**Task item:** Your answer must be the exact lines of the listing below that run from the line with "Adapter, USB cable, warranty" to the line with "Whenever you're looking, Bloomington", ends included, and no pictures.

**Listed entries:**
----------
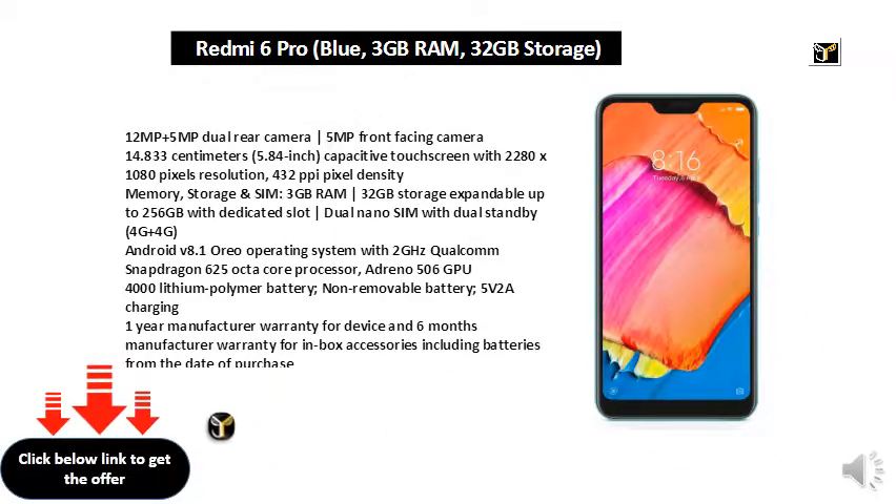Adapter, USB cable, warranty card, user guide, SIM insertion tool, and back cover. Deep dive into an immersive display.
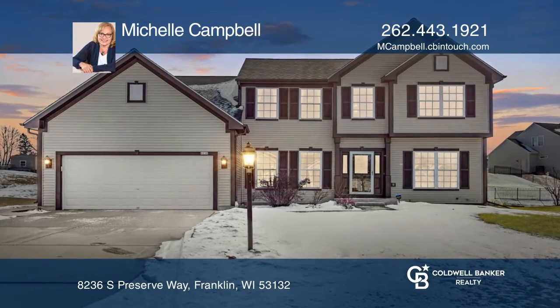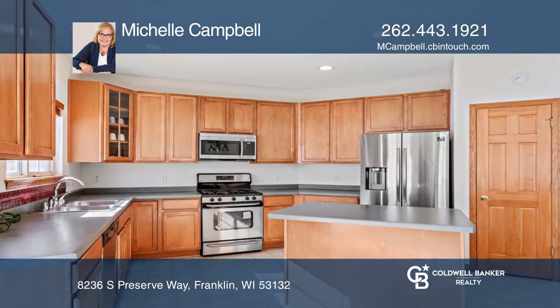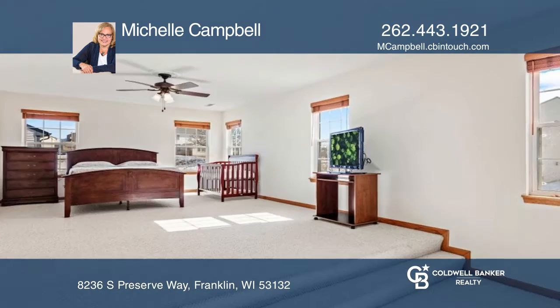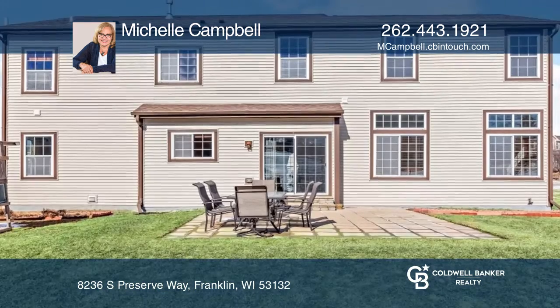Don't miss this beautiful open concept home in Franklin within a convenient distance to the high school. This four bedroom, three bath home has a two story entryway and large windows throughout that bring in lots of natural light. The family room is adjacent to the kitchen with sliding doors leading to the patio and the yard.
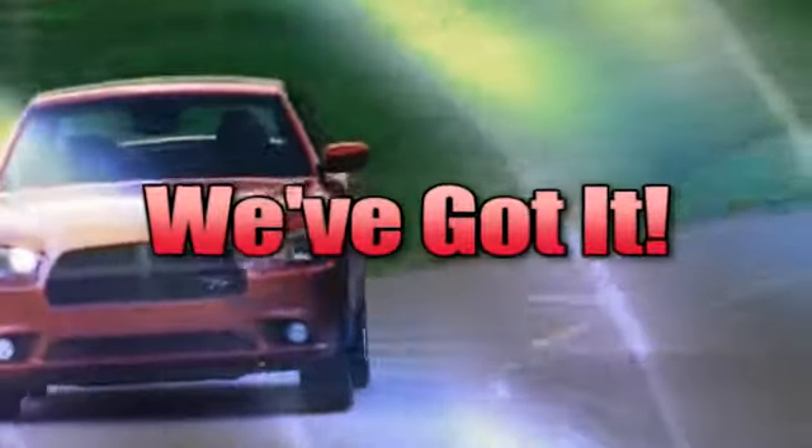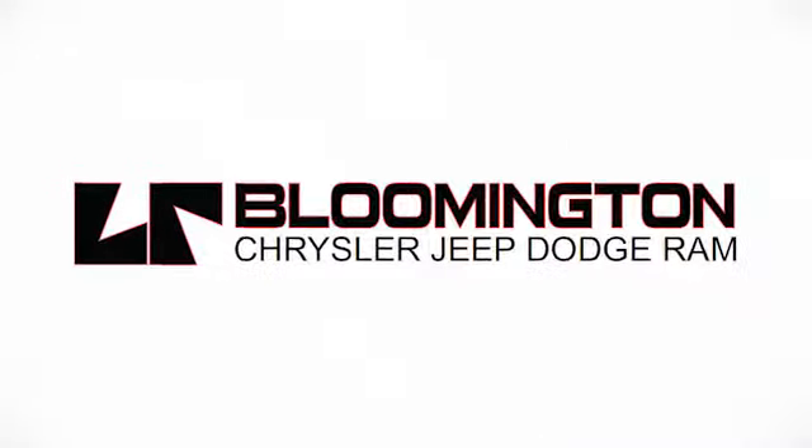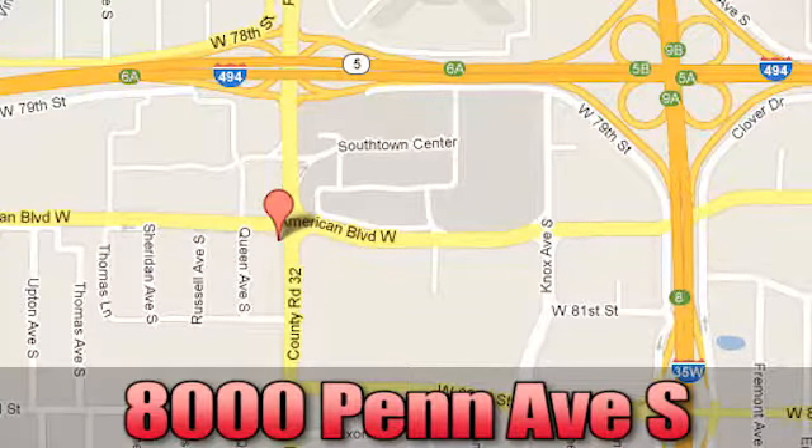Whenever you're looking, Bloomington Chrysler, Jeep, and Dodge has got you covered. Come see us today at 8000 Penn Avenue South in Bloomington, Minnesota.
----------
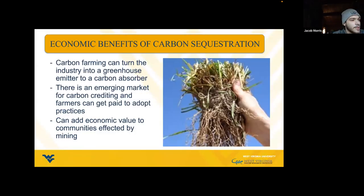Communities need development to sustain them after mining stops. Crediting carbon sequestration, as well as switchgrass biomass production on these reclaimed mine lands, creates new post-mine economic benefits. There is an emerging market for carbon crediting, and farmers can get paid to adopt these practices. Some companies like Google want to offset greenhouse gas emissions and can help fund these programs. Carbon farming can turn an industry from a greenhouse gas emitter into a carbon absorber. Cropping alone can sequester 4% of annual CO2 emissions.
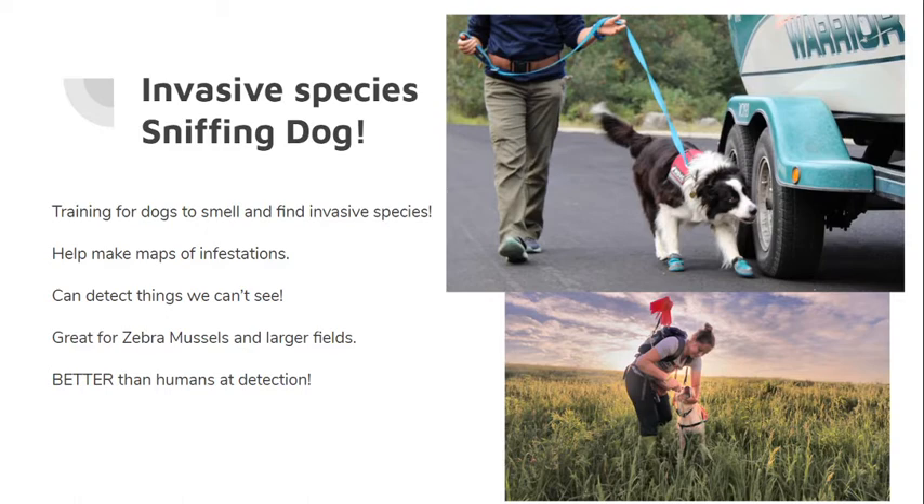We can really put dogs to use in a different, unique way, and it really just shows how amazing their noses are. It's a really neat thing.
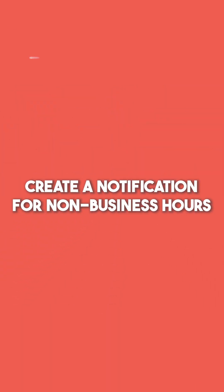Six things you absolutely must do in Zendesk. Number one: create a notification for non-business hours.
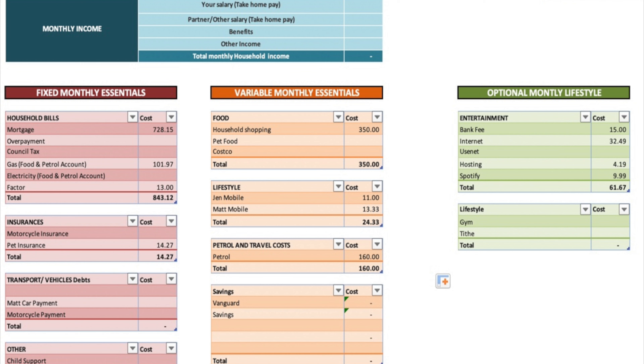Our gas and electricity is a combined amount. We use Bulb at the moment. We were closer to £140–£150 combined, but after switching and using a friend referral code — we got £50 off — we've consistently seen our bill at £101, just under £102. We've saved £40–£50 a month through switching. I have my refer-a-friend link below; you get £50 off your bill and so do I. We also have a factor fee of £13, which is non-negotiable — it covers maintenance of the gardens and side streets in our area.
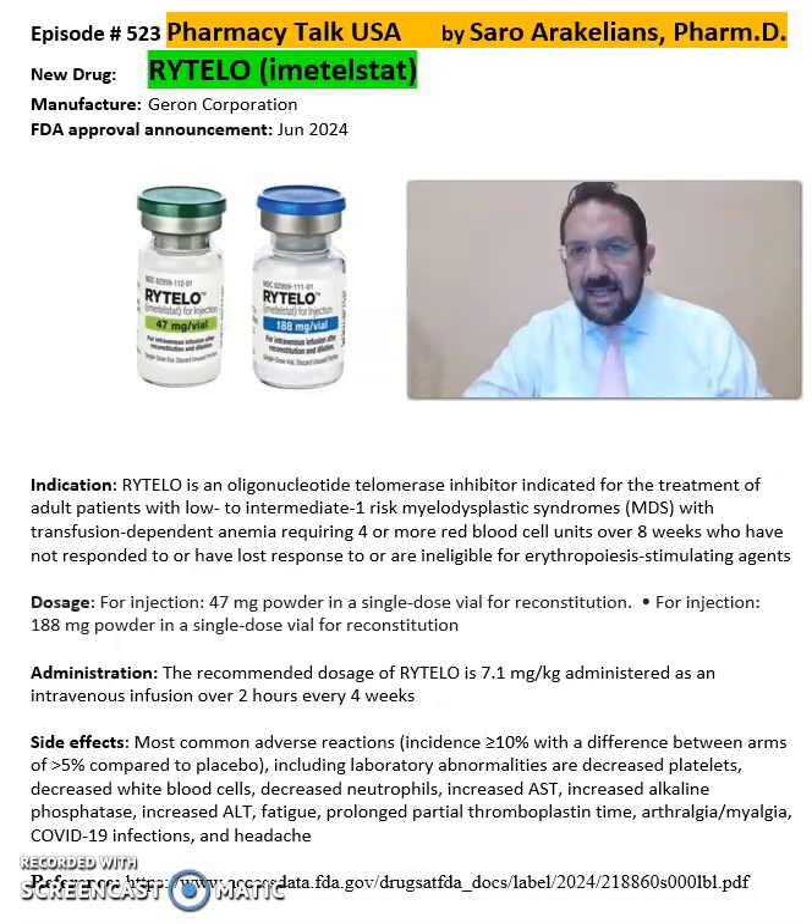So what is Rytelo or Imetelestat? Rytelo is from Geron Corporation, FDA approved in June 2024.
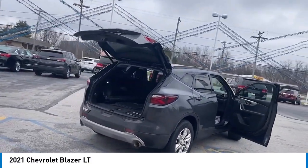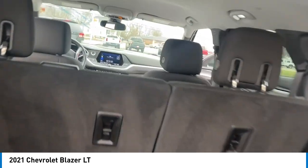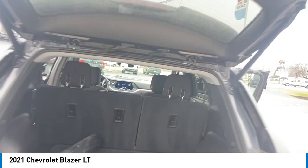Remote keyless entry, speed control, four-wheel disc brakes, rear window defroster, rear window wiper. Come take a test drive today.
----------
**Reply to the task:**
Adapter, USB cable, warranty card, user guide, SIM insertion tool, and back cover. Deep dive into an immersive display.
Don't miss this beautiful open concept home in Franklin within a convenient distance to the high school. This four bedroom, three bath home has a two story entryway and large windows throughout that bring in lots of natural light. The family room is adjacent to the kitchen with sliding doors leading to the patio and the yard.
Whenever you're looking, Bloomington Chrysler, Jeep, and Dodge has got you covered. Come see us today at 8000 Penn Avenue South in Bloomington, Minnesota.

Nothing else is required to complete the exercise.